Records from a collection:
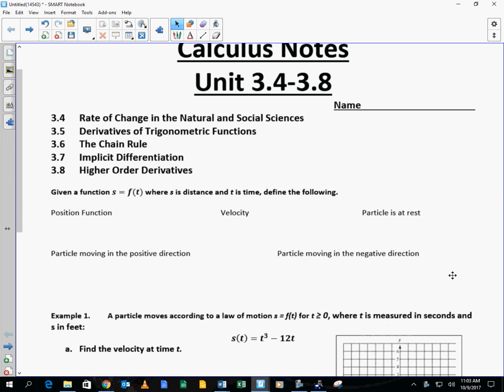Today we want to start to discuss some of the applications of derivatives, and then we're going to learn more derivatives. I would say that the most challenging lesson that you have is today, and after that, although there are challenging lessons, I would say this is probably the most challenging of this unit. So let's get through it.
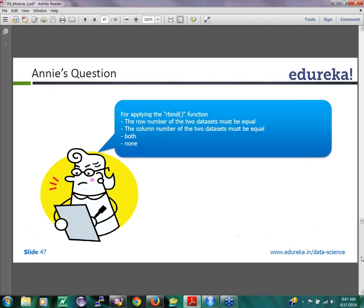There are also functions for joining, there are functions for aggregating and stuff like that. There are a lot of powerful functions and libraries for manipulating data frames. Annie's question for applying the r-bind function.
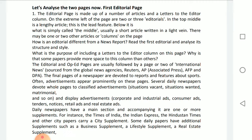The editorial page is dominated by comment and analysis rather than objective reporting of factual information. Editorials reflect the views of the owners, managers, or board of directors of media companies, because the opinions of the newspaper's editorial board are put forth in editorials.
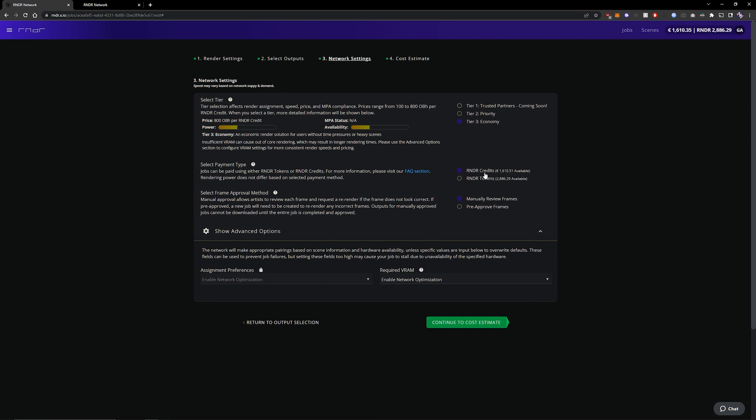Now the difference between credits and tokens is credits can be filled up by either Stripe or PayPal. So they are directly debited from your bank account or credit card.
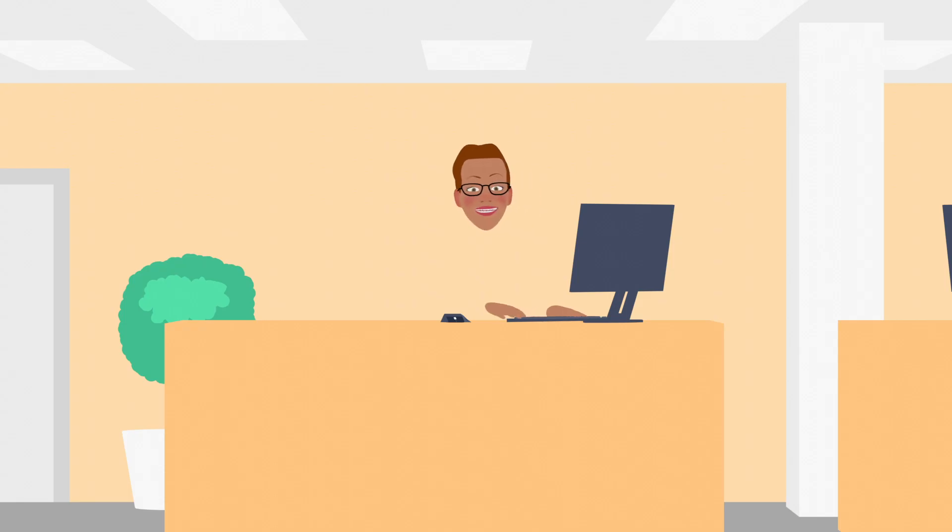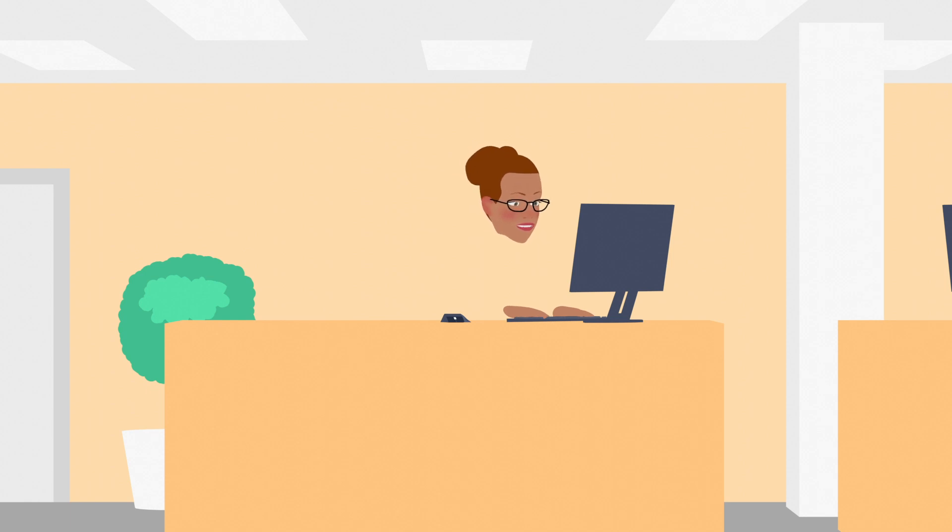Meet Autumn. Autumn works for a communication service provider and she has a major problem.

Exercise prompt:
Your answer must be an exact copy of the records above, with no pictures included.

Result for this task:
Today we want to start to discuss some of the applications of derivatives, and then we're going to learn more derivatives. I would say that the most challenging lesson that you have is today, and after that, although there are challenging lessons, I would say this is probably the most challenging of this unit. So let's get through it.
There are also functions for joining, there are functions for aggregating and stuff like that. There are a lot of powerful functions and libraries for manipulating data frames. Annie's question for applying the r-bind function.
The editorial page is dominated by comment and analysis rather than objective reporting of factual information. Editorials reflect the views of the owners, managers, or board of directors of media companies, because the opinions of the newspaper's editorial board are put forth in editorials.
Now the difference between credits and tokens is credits can be filled up by either Stripe or PayPal. So they are directly debited from your bank account or credit card.
Meet Autumn. Autumn works for a communication service provider and she has a major problem.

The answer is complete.